DATA SUPPLIED —
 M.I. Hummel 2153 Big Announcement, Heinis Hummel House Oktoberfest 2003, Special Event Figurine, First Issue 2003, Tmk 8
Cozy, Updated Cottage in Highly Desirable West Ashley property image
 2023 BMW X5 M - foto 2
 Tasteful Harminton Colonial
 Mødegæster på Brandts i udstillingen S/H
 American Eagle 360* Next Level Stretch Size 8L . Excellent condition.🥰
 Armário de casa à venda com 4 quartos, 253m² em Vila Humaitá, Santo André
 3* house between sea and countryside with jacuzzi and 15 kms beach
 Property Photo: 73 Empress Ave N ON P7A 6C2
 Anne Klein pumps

ASSIGNMENT — Print all of the entries exactly as they are written.

RESULT OF THE TASK —
 M.I. Hummel 2153 Big Announcement, Heinis Hummel House Oktoberfest 2003, Special Event Figurine, First Issue 2003, Tmk 8
Cozy, Updated Cottage in Highly Desirable West Ashley property image
 2023 BMW X5 M - foto 2
 Tasteful Harminton Colonial
 Mødegæster på Brandts i udstillingen S/H
 American Eagle 360* Next Level Stretch Size 8L . Excellent condition.🥰
 Armário de casa à venda com 4 quartos, 253m² em Vila Humaitá, Santo André
 3* house between sea and countryside with jacuzzi and 15 kms beach
 Property Photo: 73 Empress Ave N ON P7A 6C2
 Anne Klein pumps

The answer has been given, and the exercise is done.